Also at this time two connecting lines were built in central Jersey, both from Whitings. The Pemberton and New York Railroad ran west to meet a railroad from Camden near Pemberton. The other, the Tuckerton Railroad, ran southeast to reach the bay towns from Waretown (which was also on the NJS's branch from Lakehurst) to Tuckerton.[15]

Gould lost control of the New Jersey Southern Railroad company in the Panic of 1873 and it went into receivership.[16]

Rail service to the Monmouth County coast was revolutionized by the opening of the New York and Long Branch Railroad (NY&LB) in 1875 from Perth Amboy to Long Branch. It was the so-called "all rail route" from Jersey City, operated by the Central Railroad of New Jersey. The NY&LB crossed the NJS original mainline at Red Bank and the NJS mainline via Long Branch on the west side of town at Branchport. This was the third railroad to Long Branch, and it rapidly became the primary route.[17] The time by rail from New York (including a ten-minute ferry ride to Jersey City) was about 1 hour 40 minutes. The "bay route" to Sandy Hook took about 2 hours but writers of the period considered it the more pleasant journey, at least in good weather. The New York and Long Branch was extended by separate companies to Sea Girt in 1876 and Point Pleasant in 1880.[18]

The idea of connecting New York and Philadelphia by the former R&DB was revived for about two years from 1878 to 1880. The rail portion of the new route ran from Sandy Hook via Long Branch, Eatontown, Whitings, and Pemberton to Camden. Travellers could leave New York by boat at 11:00 in the morning and arrive at Philadelphia by ferry at 4:20 in the afternoon.[19] The Pennsylvania Railroad acquired the Pemberton route in 1879, and used it and new construction to create a new route from Camden to Long Branch in 1881, running via a new line from Whitings to Toms River and Seaside Heights and up to the end of the NY&LB at Bay Head Junction, just south of Point Pleasant. The Pennsylvania likewise rerouted the trains from Philadelphia off the NJS in 1880, running instead by a new line to Sea Girt and then up the new NY&LB. The section of the NY&LB from Long Branch to Point Pleasant therefore had trains to both New York and Philadelphia, but not through service, and the possible journeys involving the NJS bay route to Long Branch and a change of trains to the Pennsylvania Railroad were not promoted.

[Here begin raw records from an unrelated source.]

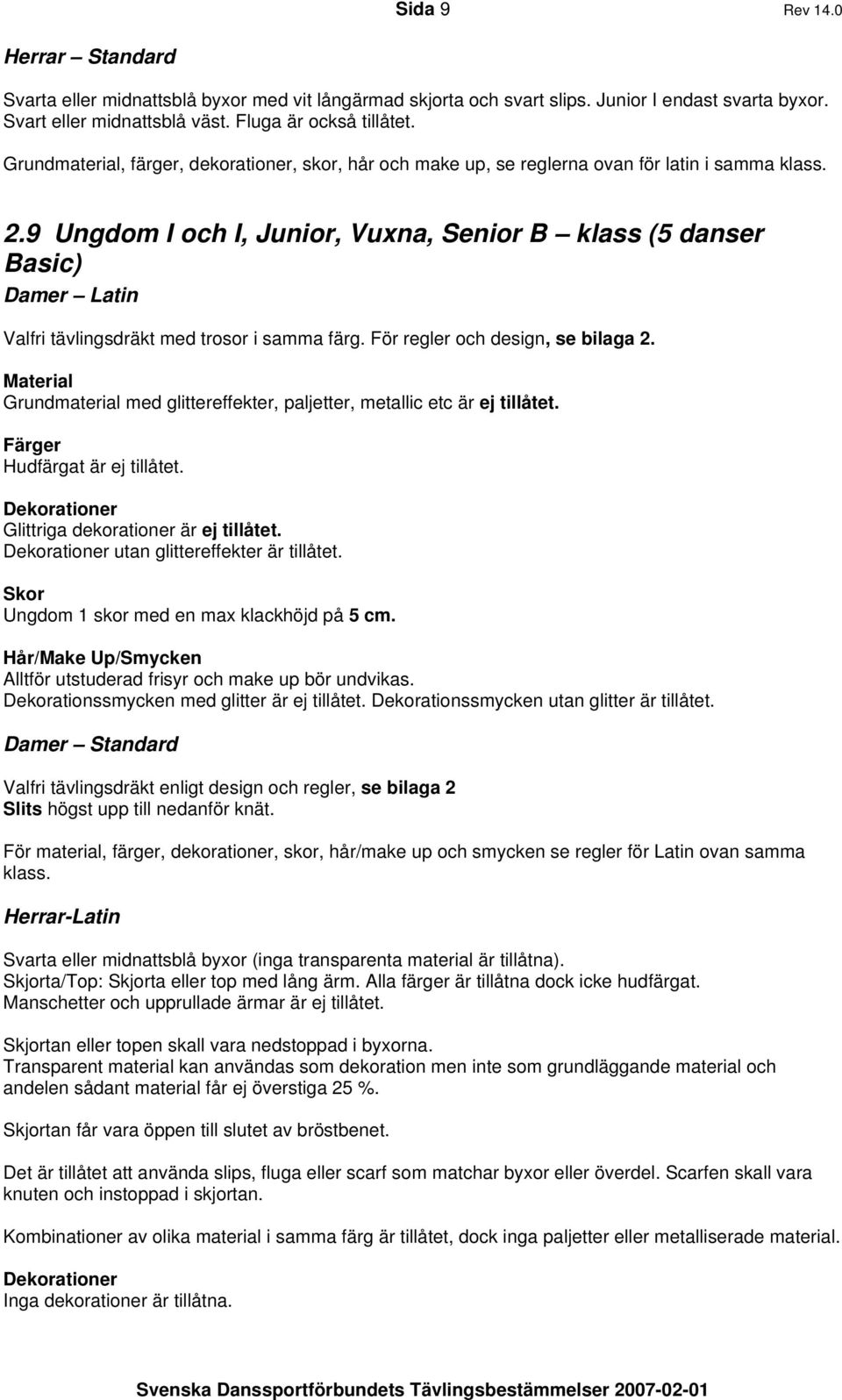 9 Ungdom I och I, Junior, Vuxna, Senior B klass (5 danser Basic) Damer Latin Valfri tävlingsdräkt med trosor i samma färg. För regler och design, se bilaga 2.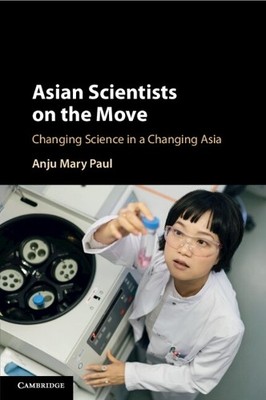 Anju Mary Paul Asian Scientists on the Move (Taschenbuch)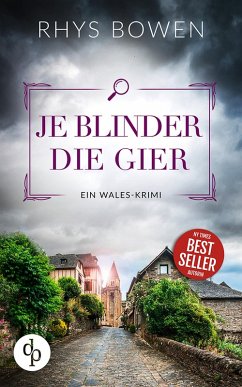 Je blinder die Gier (eBook, ePUB) - Bowen, Rhys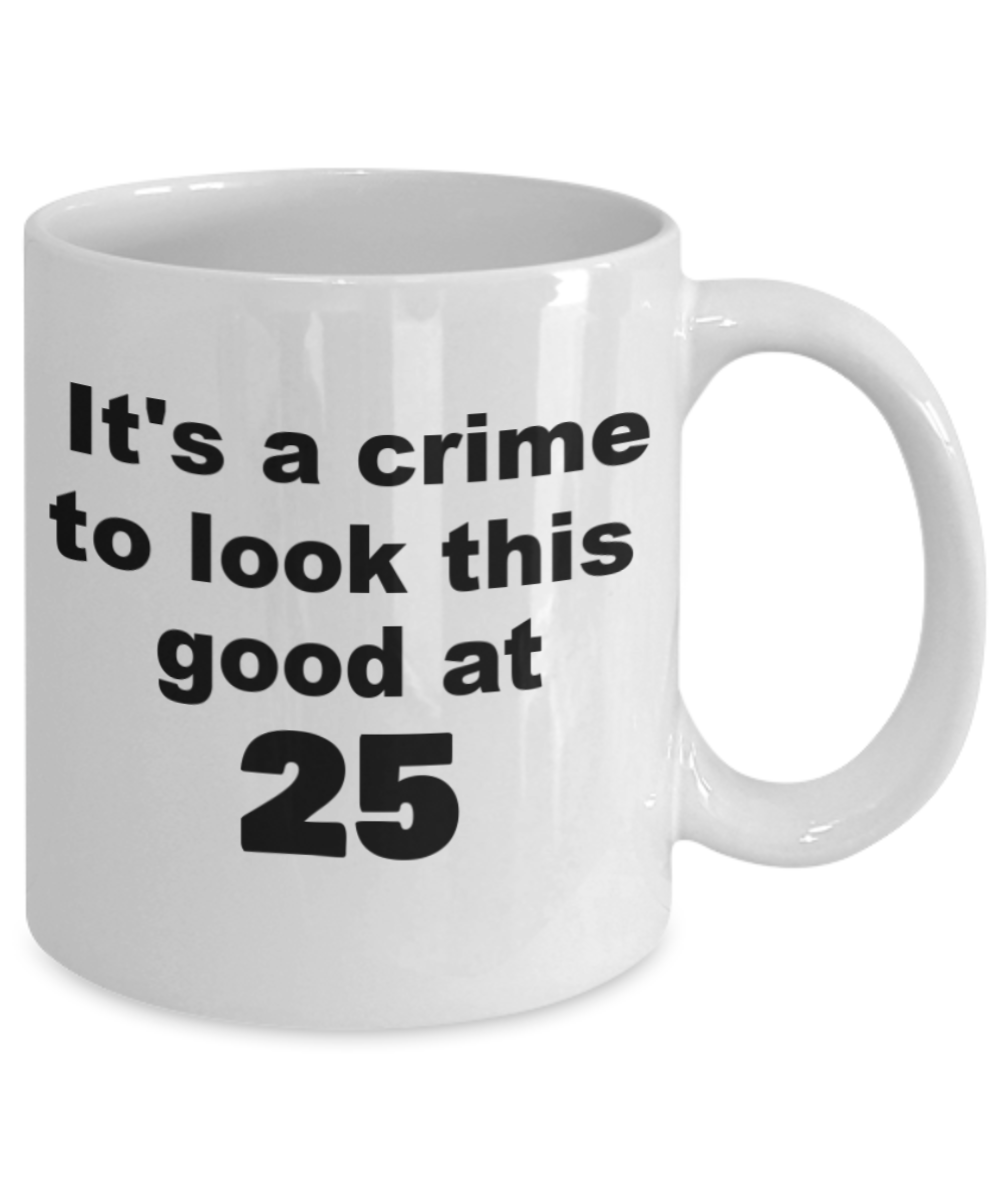 25th birthday gift mug, It's a crime to look this good at 25 - White Porcelain Coffee 11 oz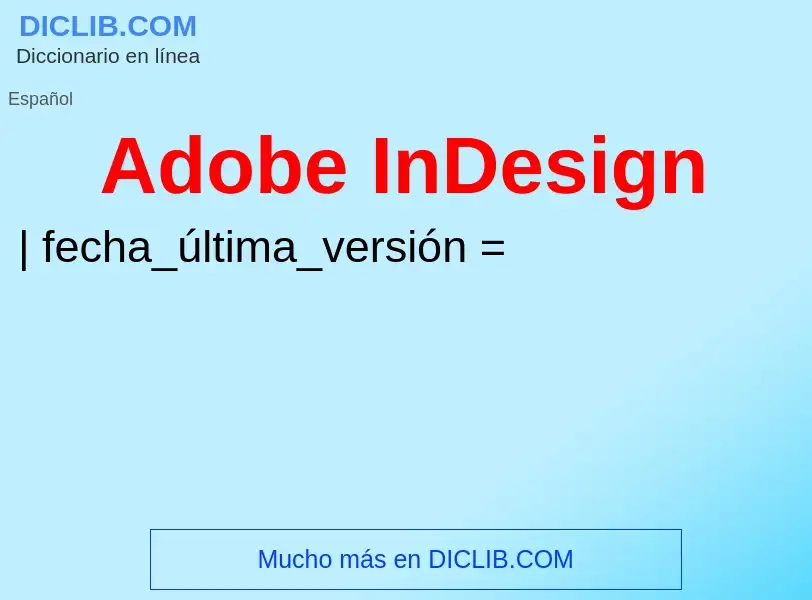 ¿Qué es Adobe InDesign? - significado y definición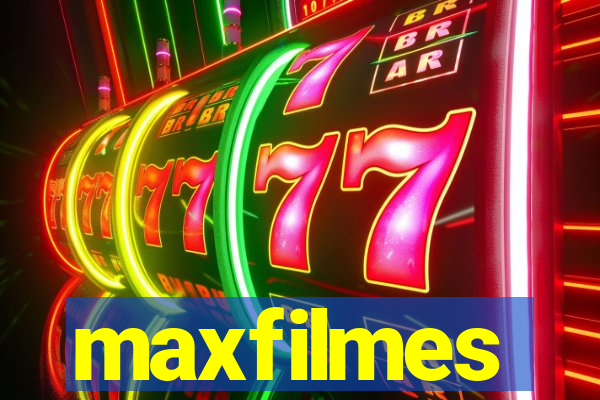 maxfilmes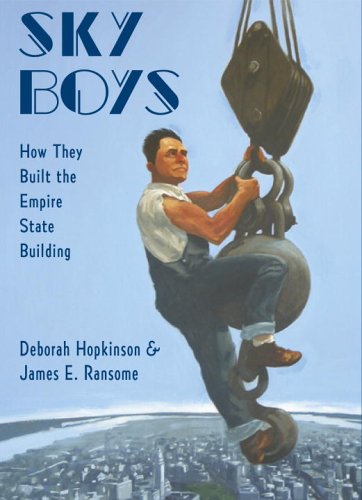 Sky Boys: How They Built the Empire State Building (9780375936104) by Hopkinson, Deborah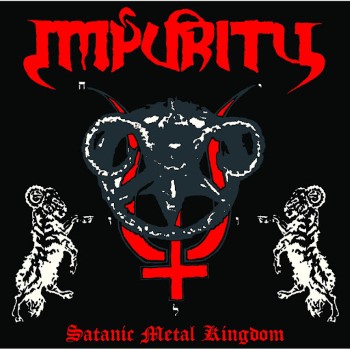 IMPURITY - Satanic Metal Kingdom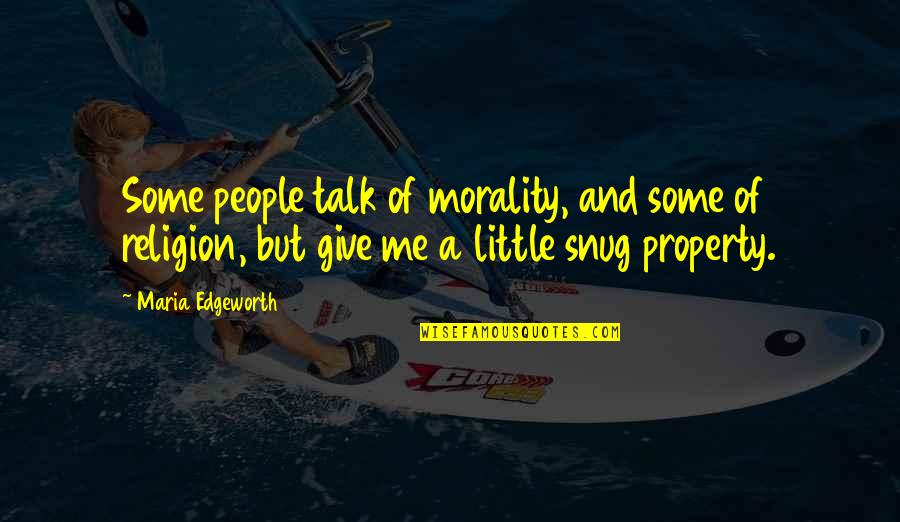 Give Me Some Quotes By Maria Edgeworth: Some people talk of morality, and some of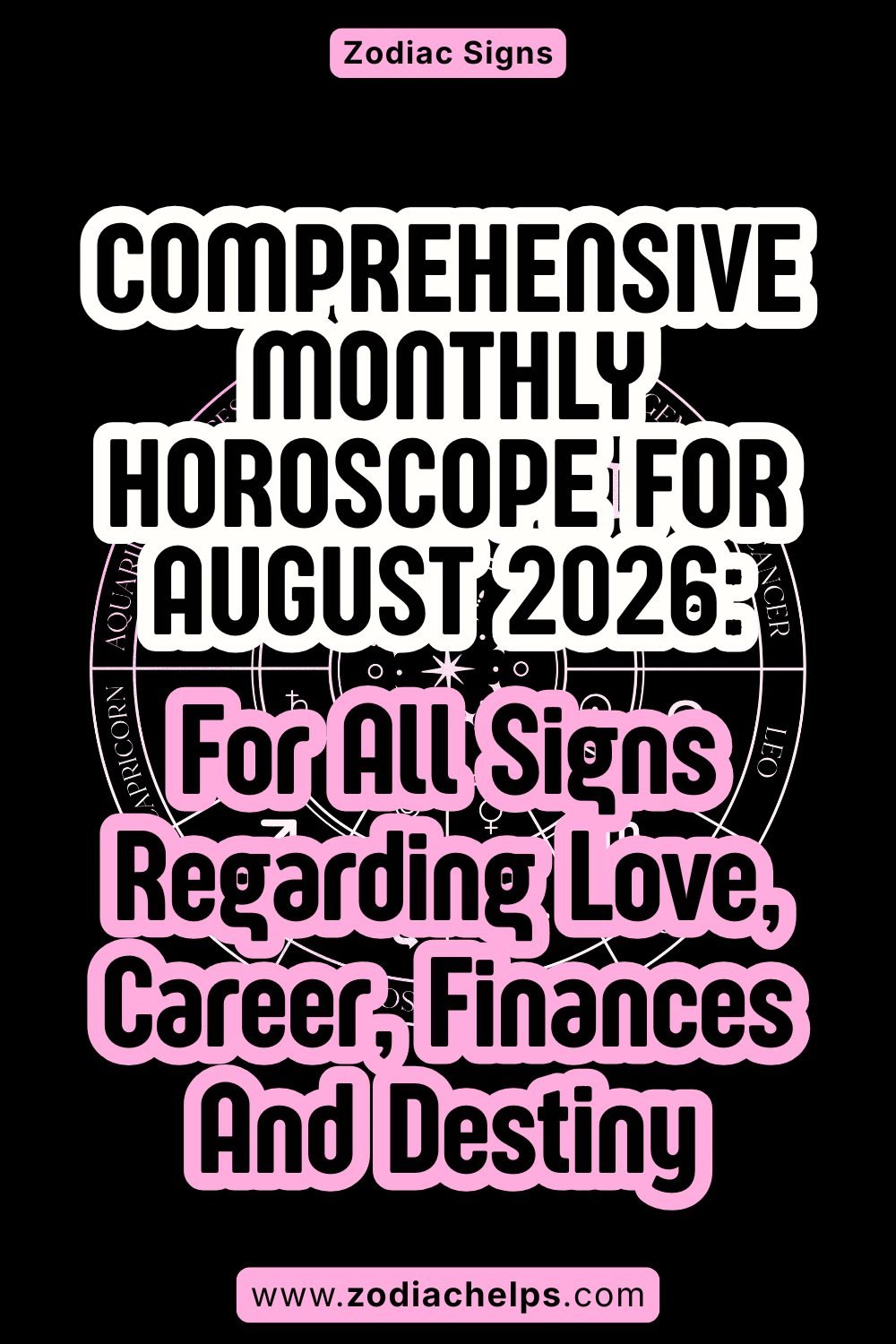 Comprehensive Monthly Horoscope For August 2026: For All Signs Regarding Love, Career, Finances And Destiny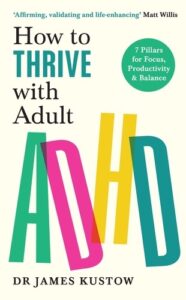 How To Thrive with ADHD book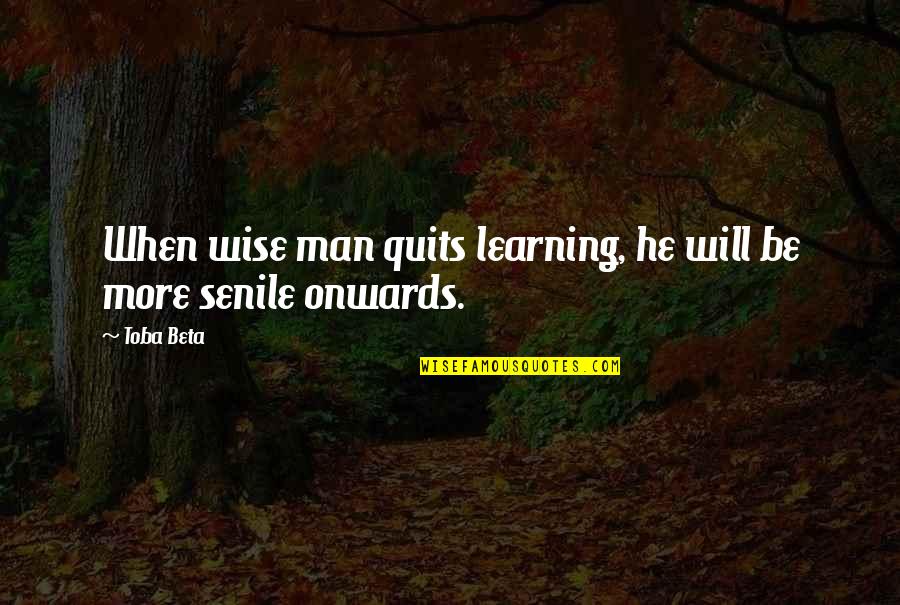 Toba Quotes By Toba Beta: When wise man quits learning, he will be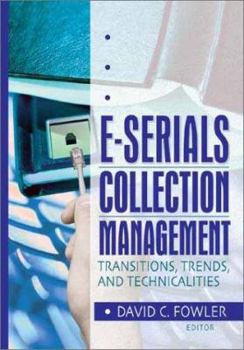 Paperback E-Serials Collection Management: Transitions, Trends, and Technicalities Book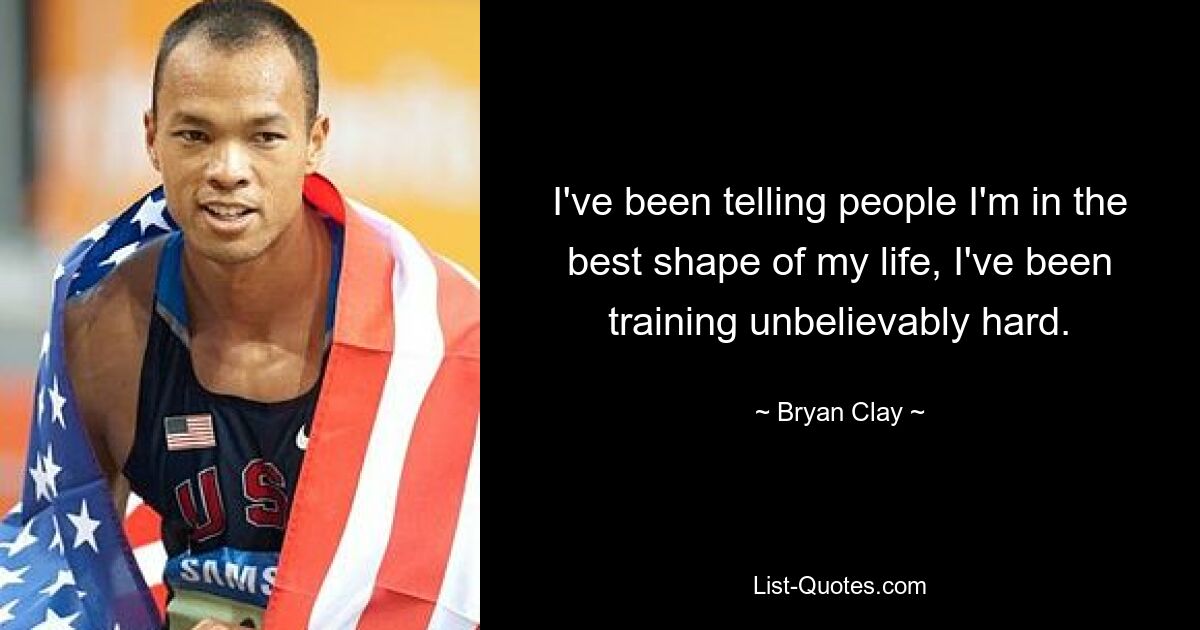 I've been telling people I'm in the best shape of my life, I've been training unbelievably hard. — © Bryan Clay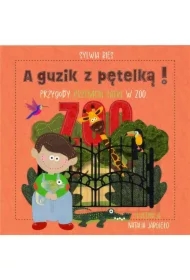 A guzik z pętelką Przygody Przemcia Łatki w ZOO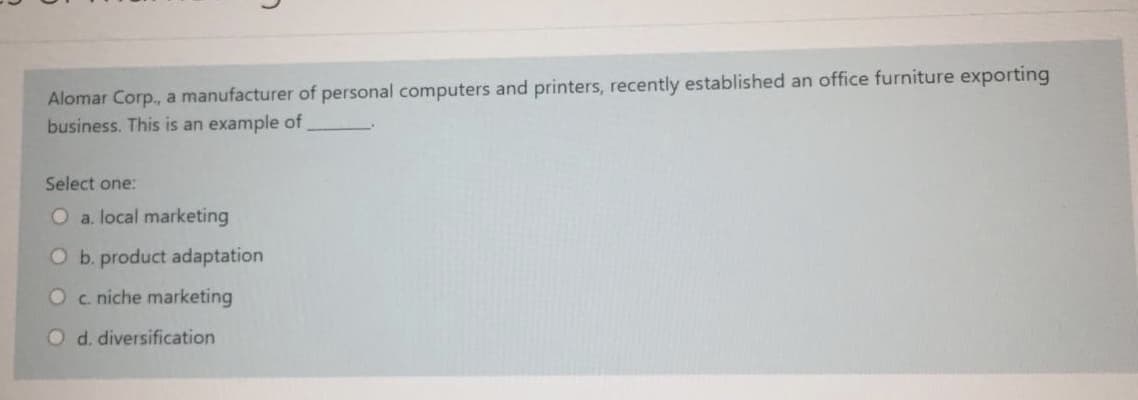 Alomar Corp., a manufacturer of personal computers and printers, recently established an office furniture exporting
business. This is an example of
Select one:
O a. local marketing
O b. product adaptation
Oc niche marketing
O d. diversification
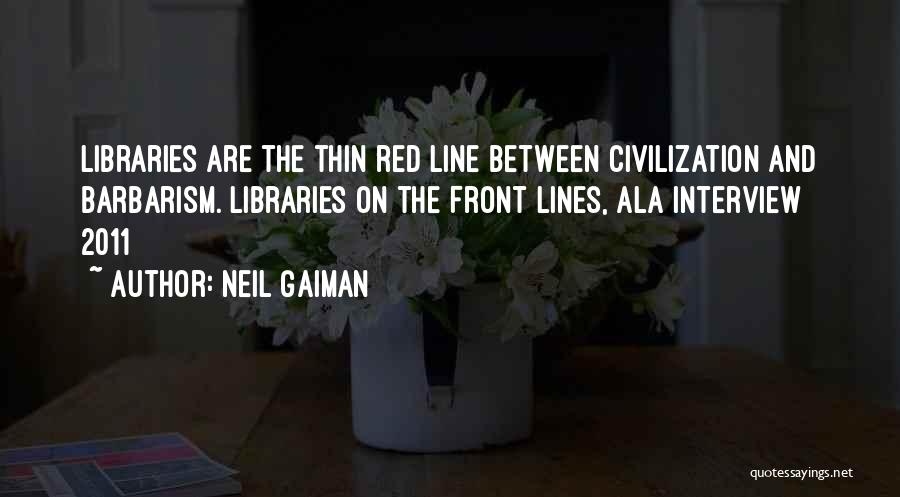 Thin Lines Quotes By Neil Gaiman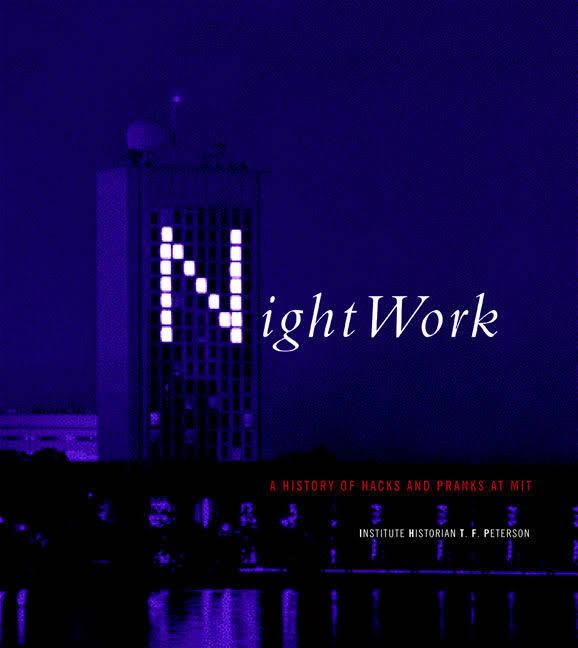 Nightwork: A History of Hacks and Pranks at MIT t3gstaticcomimagesqtbnANd9GcT6UORPDkMOzhpI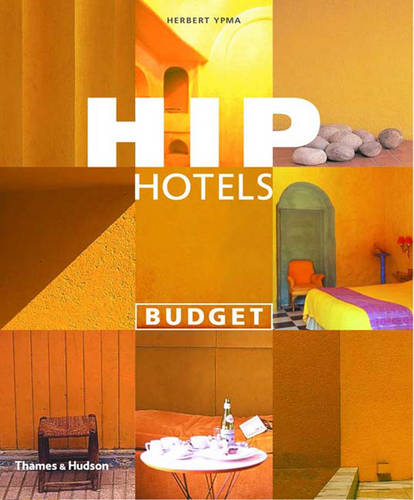 Hip Hotels: Budget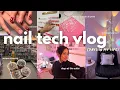 DAYS in my life nail-tech edition
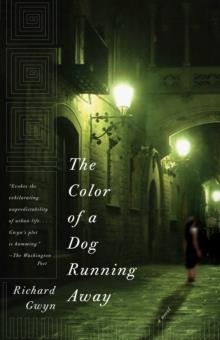 COLOR OF A DOG RUNNING AWAY | 9780307276872 | RICHARD GWYN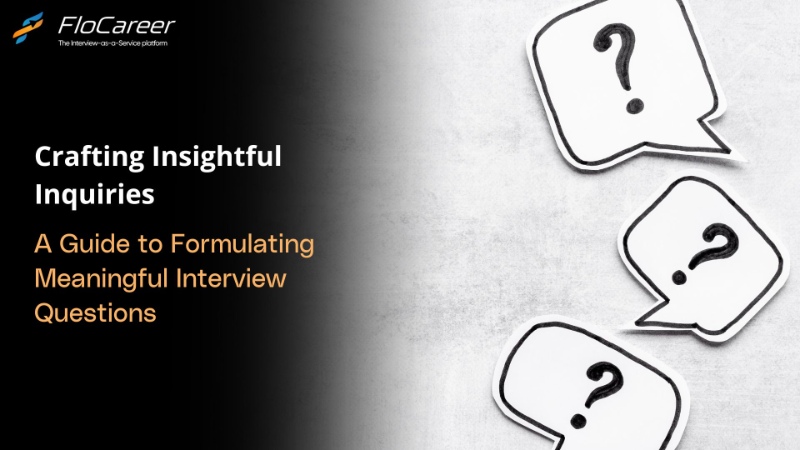 A Guide to Formulating Meaningful Interview Questions through Interview Outsourcing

The New Jersey Southern was formally acquired by the Central Railroad of New Jersey in September 1879, although a CNJ timetable of July 1878 shows that the NJS was already operated by the CNJ at that date. The CNJ moved to consolidate operations of the rail and bay routes. A new link was built in 1878 from the NJS Long Branch station, now called East Long Branch, to the NY&LB at West End, on the south end of the town. The main services from New York were now: Jersey City to Point Pleasant over the New York and Long Branch; Sandy Hook to East Long Branch and (via the new link) to Point Pleasant; and Jersey City to southern New Jersey, turning off the New York and Long Branch at Red Bank into the NJS main line. The old NJS main line from Port Monmouth to Red Bank was downgraded to a branch with minimal train service. The NJS line from East Long Branch to Eatontown saw a few trains that allowed passengers to use the bay route and connect at Eatontown for southern New Jersey.[20]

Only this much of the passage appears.